■ Directions for this task ■
Give again, exactly as written, each line of the material below starting at the line that contains "At the Section" and ending at the line that contains "Hi and welcome". Both ends count, and no other line does.

■ Record extracts ■
◇ ◇ ◇ ◇
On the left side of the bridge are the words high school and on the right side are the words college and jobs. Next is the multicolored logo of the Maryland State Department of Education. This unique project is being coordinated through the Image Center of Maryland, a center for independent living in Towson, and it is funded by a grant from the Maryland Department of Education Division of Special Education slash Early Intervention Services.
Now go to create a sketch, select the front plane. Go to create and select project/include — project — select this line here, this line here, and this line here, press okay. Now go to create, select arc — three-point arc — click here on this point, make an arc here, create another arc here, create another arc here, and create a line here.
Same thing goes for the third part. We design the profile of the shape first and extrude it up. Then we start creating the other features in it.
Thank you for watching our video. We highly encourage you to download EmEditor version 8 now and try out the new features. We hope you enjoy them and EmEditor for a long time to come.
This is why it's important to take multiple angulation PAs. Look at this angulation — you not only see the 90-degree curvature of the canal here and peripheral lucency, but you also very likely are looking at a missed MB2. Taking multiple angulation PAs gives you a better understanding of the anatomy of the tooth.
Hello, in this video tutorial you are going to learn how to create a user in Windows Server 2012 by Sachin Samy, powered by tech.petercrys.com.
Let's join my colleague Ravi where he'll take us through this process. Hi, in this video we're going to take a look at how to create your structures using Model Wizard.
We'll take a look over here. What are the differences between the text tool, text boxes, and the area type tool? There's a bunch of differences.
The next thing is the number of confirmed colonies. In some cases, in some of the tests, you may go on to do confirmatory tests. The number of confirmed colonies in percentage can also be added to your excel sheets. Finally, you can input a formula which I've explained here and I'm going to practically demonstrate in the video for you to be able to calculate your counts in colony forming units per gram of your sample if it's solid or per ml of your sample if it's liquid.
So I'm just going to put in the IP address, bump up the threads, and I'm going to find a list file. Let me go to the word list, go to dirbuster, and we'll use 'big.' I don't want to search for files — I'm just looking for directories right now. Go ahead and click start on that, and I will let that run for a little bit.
◇ ◇ ◇ ◇
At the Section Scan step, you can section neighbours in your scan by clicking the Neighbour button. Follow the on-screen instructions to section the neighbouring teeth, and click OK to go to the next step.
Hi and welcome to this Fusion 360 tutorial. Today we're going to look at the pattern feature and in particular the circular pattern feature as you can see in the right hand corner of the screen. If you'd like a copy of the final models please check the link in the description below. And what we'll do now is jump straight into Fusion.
◇ ◇ ◇ ◇
■ Task output ■
At the Section Scan step, you can section neighbours in your scan by clicking the Neighbour button. Follow the on-screen instructions to section the neighbouring teeth, and click OK to go to the next step.
Hi and welcome to this Fusion 360 tutorial. Today we're going to look at the pattern feature and in particular the circular pattern feature as you can see in the right hand corner of the screen. If you'd like a copy of the final models please check the link in the description below. And what we'll do now is jump straight into Fusion.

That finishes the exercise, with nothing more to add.